> [ENTRIES PROVIDED]:
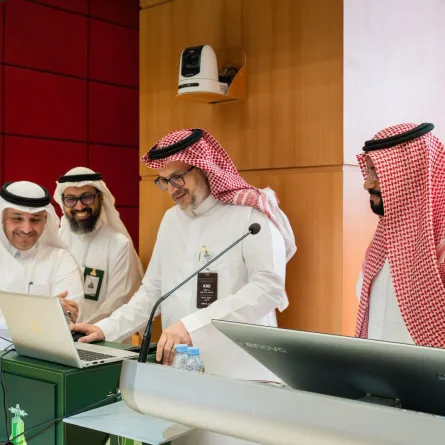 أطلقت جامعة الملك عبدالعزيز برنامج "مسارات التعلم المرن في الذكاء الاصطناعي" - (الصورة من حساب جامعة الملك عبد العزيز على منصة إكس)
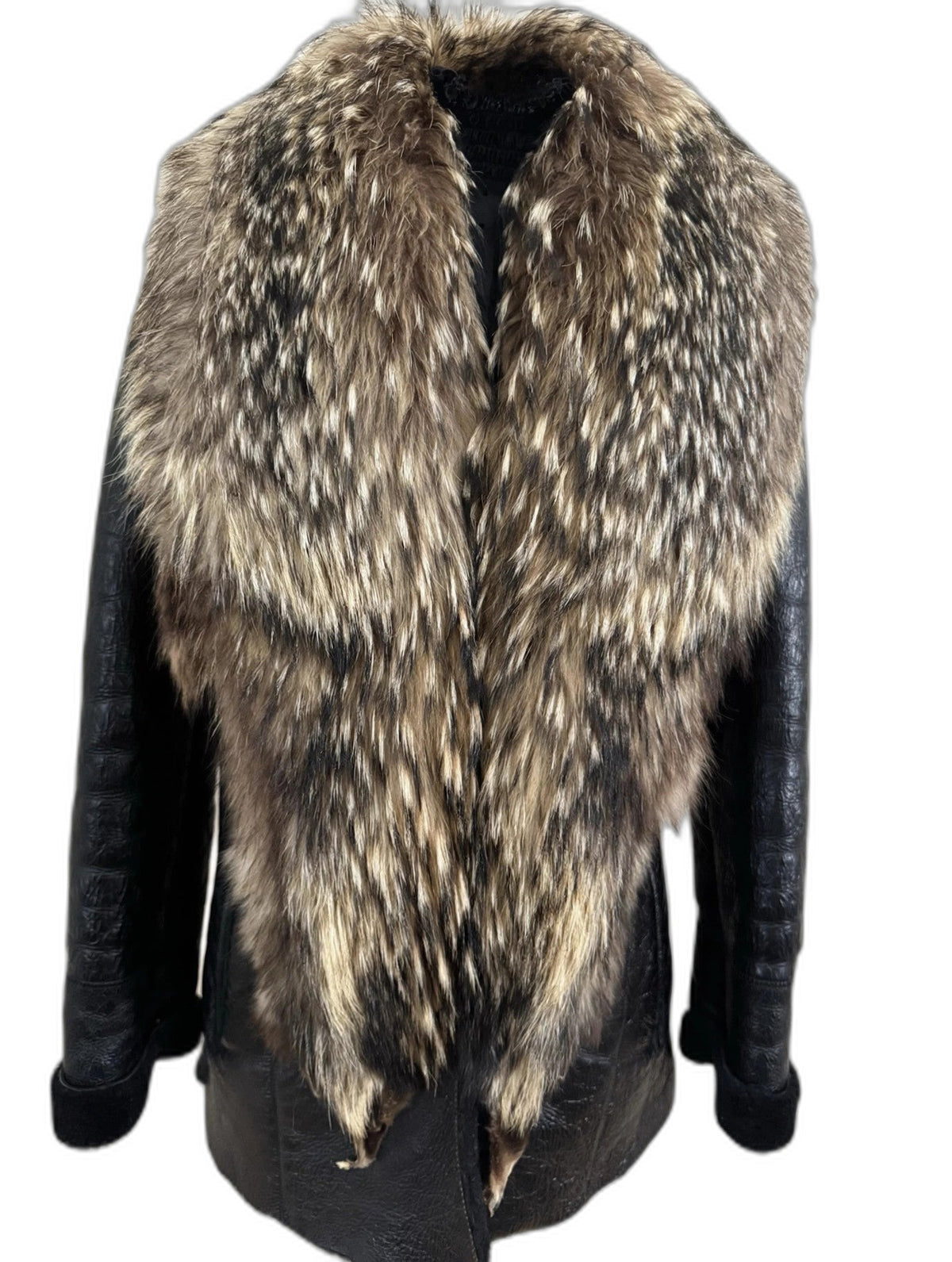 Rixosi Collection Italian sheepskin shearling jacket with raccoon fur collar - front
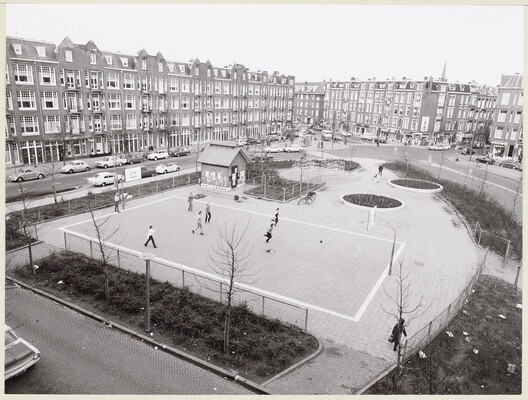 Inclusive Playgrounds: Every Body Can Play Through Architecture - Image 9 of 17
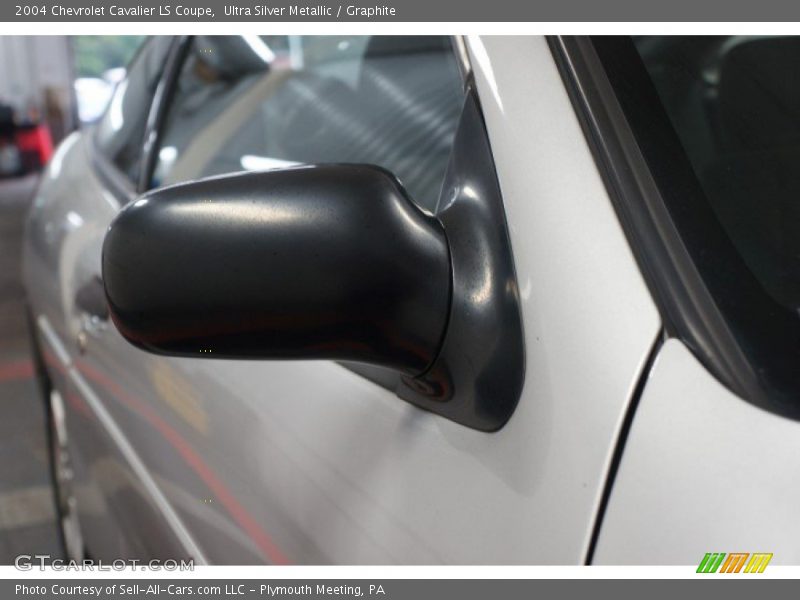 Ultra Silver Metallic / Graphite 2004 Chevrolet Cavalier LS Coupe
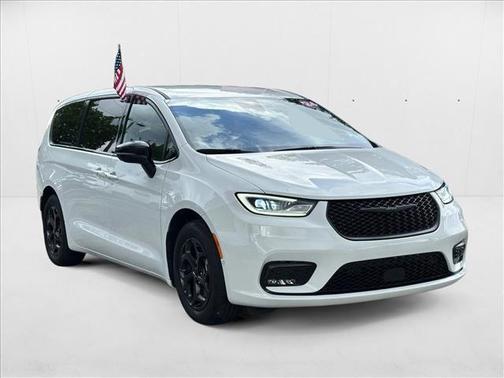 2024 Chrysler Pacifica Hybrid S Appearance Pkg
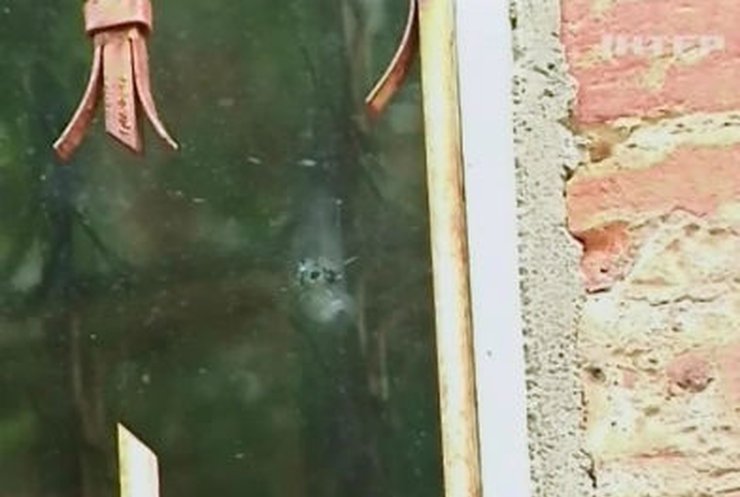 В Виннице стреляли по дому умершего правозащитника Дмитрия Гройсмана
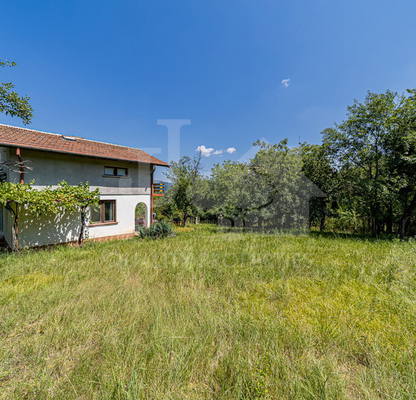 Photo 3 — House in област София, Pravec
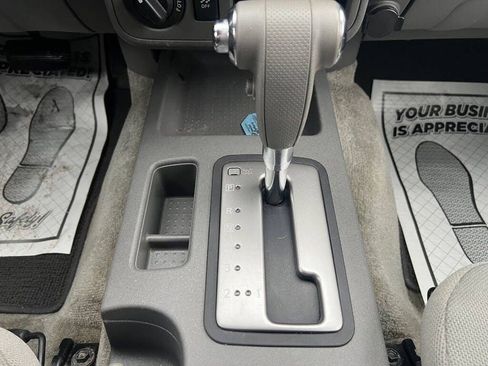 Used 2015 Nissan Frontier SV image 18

> [PROBLEM DETAILS]: Give back all of the data exactly, but not the pictures.

> [WRITTEN RESPONSE]:
 أطلقت جامعة الملك عبدالعزيز برنامج "مسارات التعلم المرن في الذكاء الاصطناعي" - (الصورة من حساب جامعة الملك عبد العزيز على منصة إكس)
 Rixosi Collection Italian sheepskin shearling jacket with raccoon fur collar - front
 Inclusive Playgrounds: Every Body Can Play Through Architecture - Image 9 of 17
 Ultra Silver Metallic / Graphite 2004 Chevrolet Cavalier LS Coupe
 2024 Chrysler Pacifica Hybrid S Appearance Pkg
 В Виннице стреляли по дому умершего правозащитника Дмитрия Гройсмана
 Photo 3 — House in област София, Pravec
 Used 2015 Nissan Frontier SV image 18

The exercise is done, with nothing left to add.